### Entries provided
▼▼▼

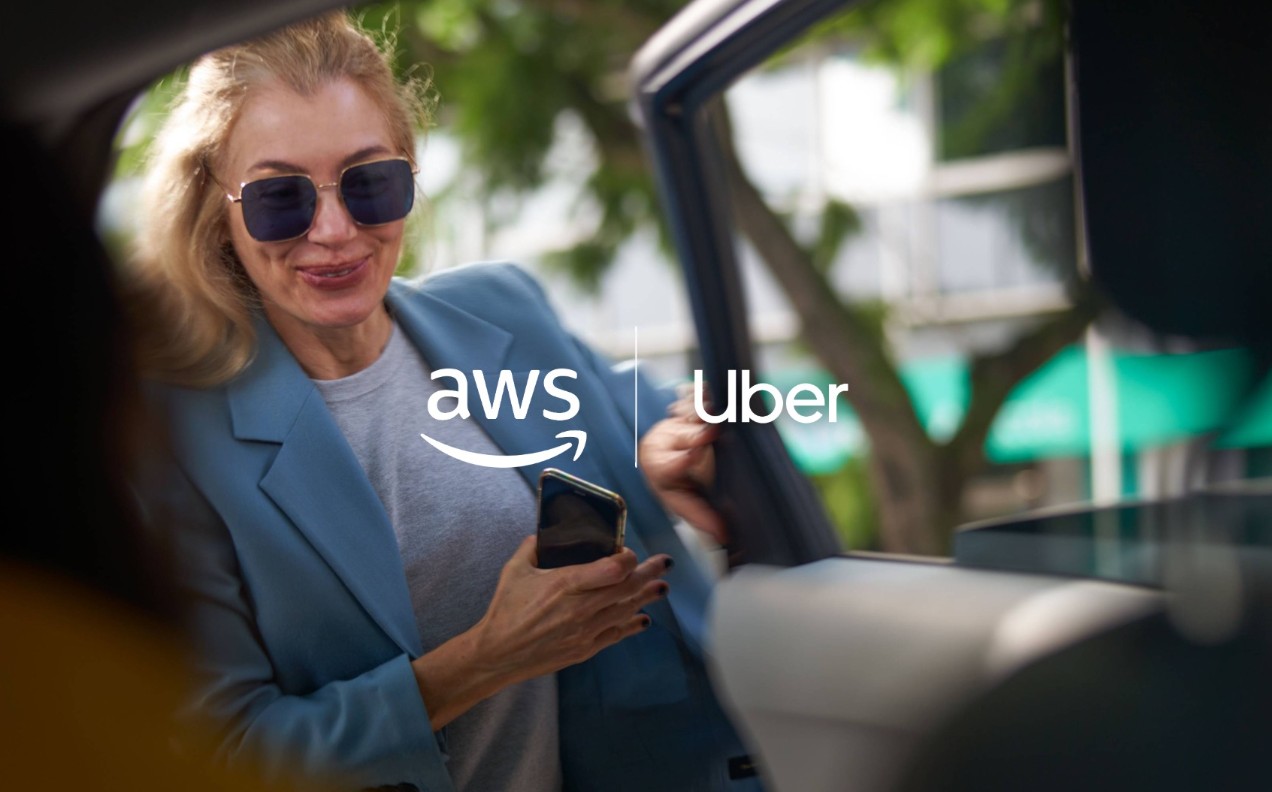 Logos von AWS und Uber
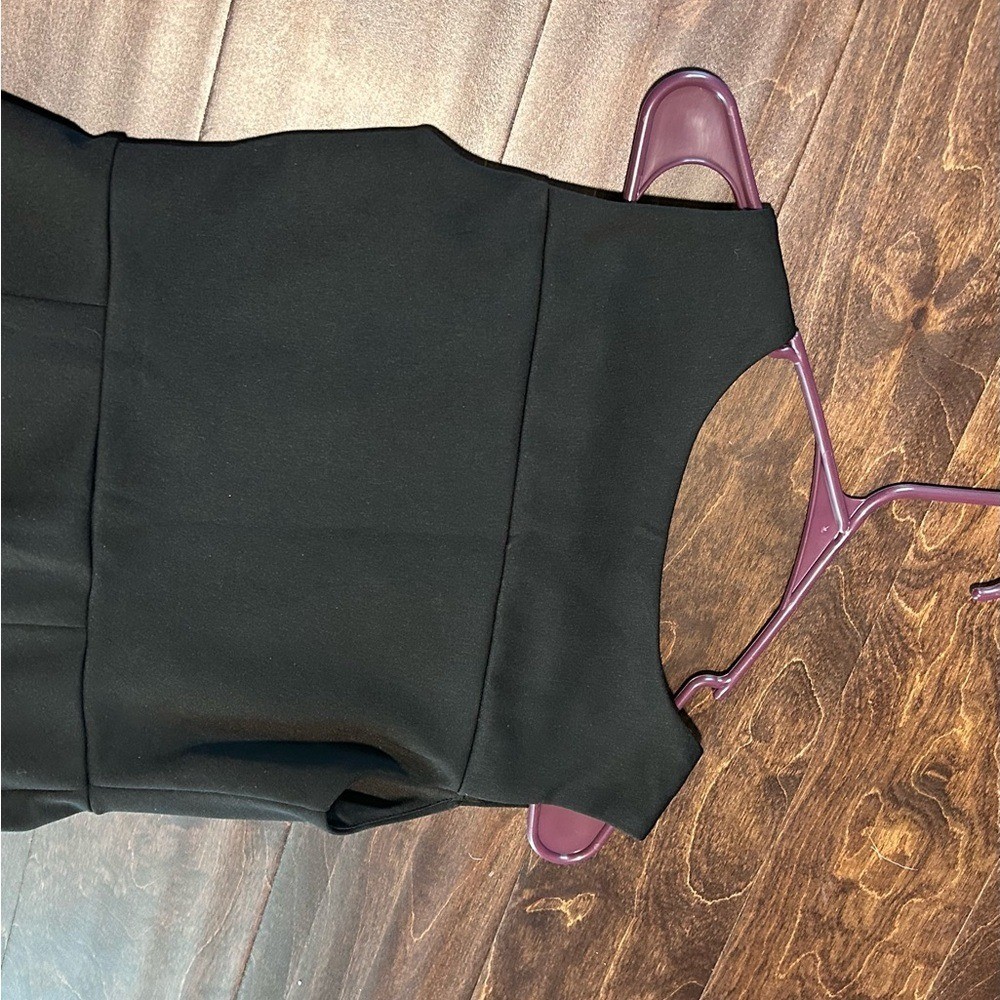 Valerie Bertinelli black career dress Size 4 sleeveless fit & flare zip accent
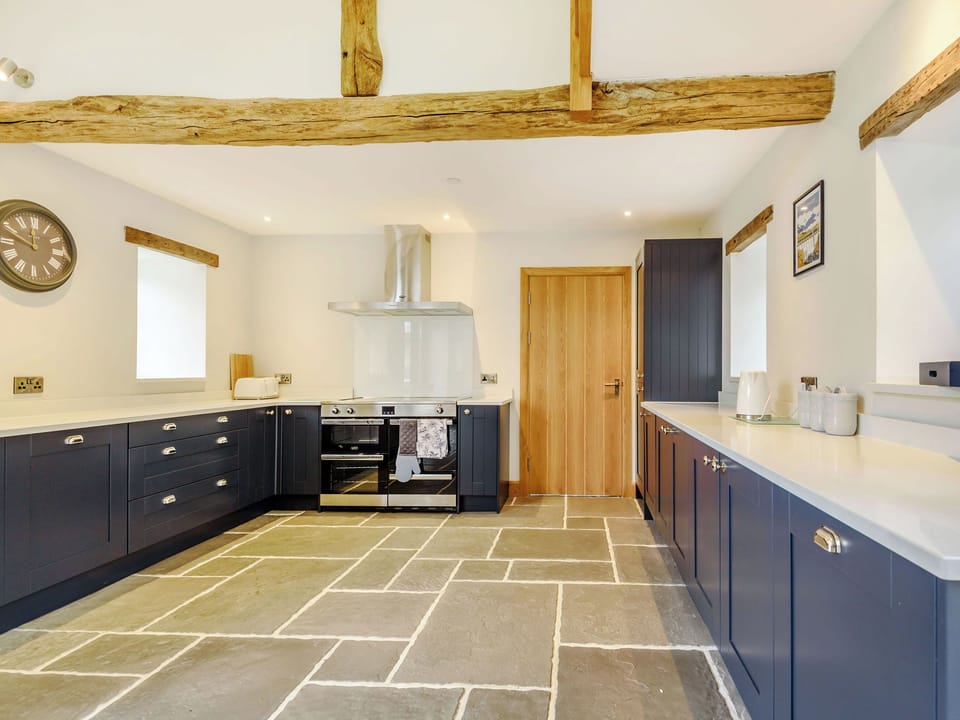 Kitchen/diner | Penshenkin Barn, New Radnor, near Presteigne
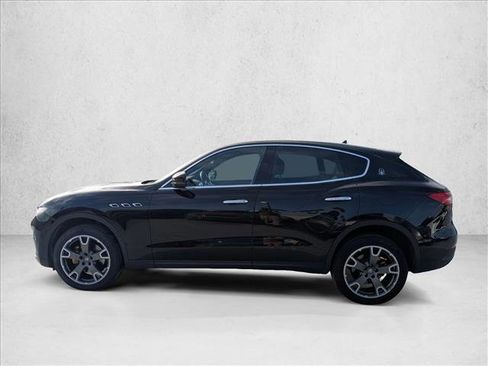 Used 2017 Maserati Levante AWD/4WD image 8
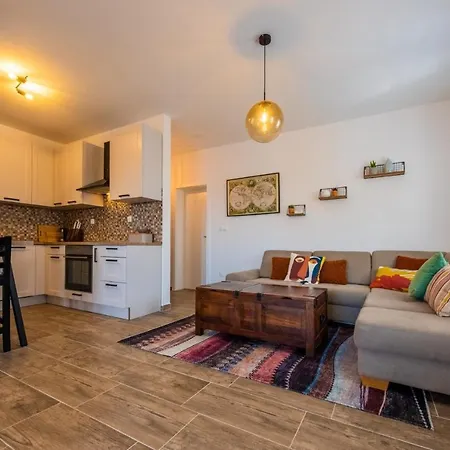 Apartment Paula Kastela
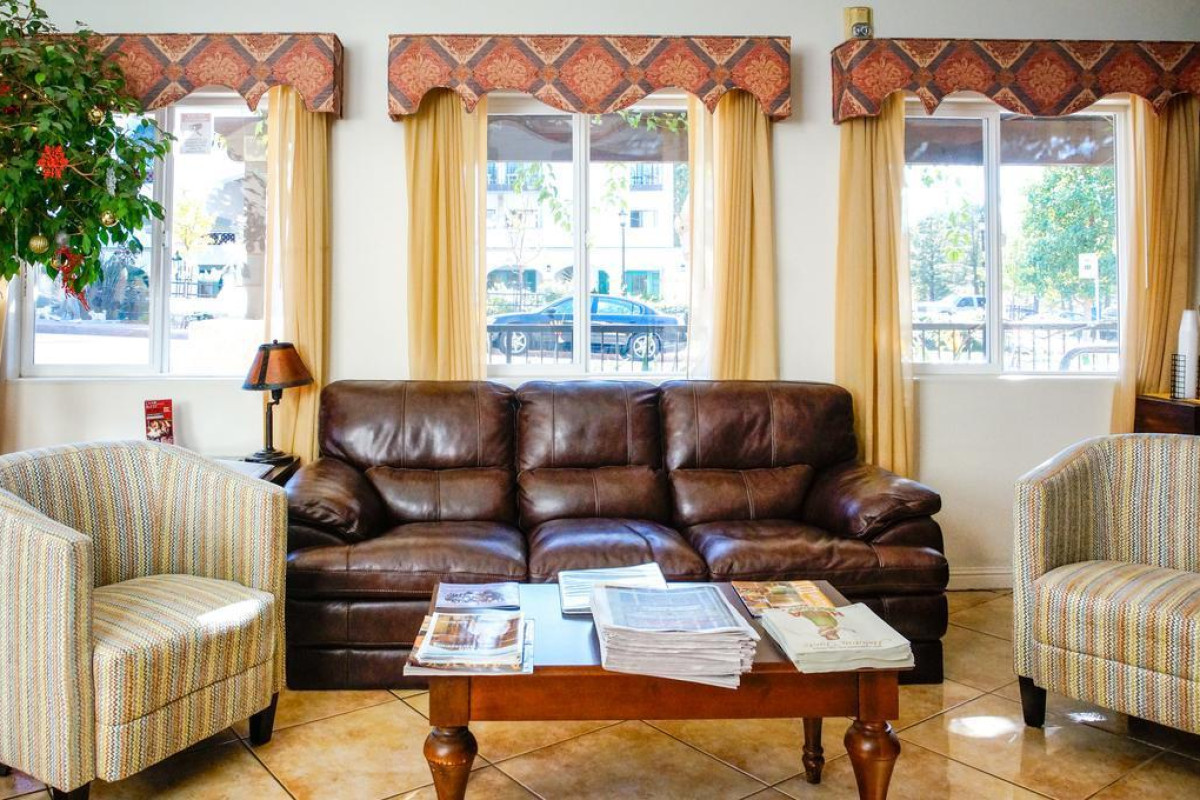 Lamplighter Inn & Suites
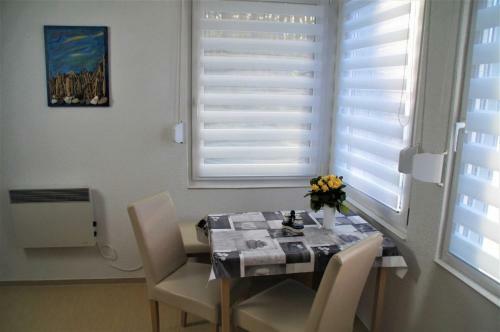 Apartamento Ferienhaeuser Hitthim Baabe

▲▲▲

What should appear is an exact reproduction of the lines from the one with "Used 2017 Maserati Levante AWD/4WD image 8" through the end of the material above, and no pictures.

### Solution to the problem
 Used 2017 Maserati Levante AWD/4WD image 8
 Apartment Paula Kastela
 Lamplighter Inn & Suites
 Apartamento Ferienhaeuser Hitthim Baabe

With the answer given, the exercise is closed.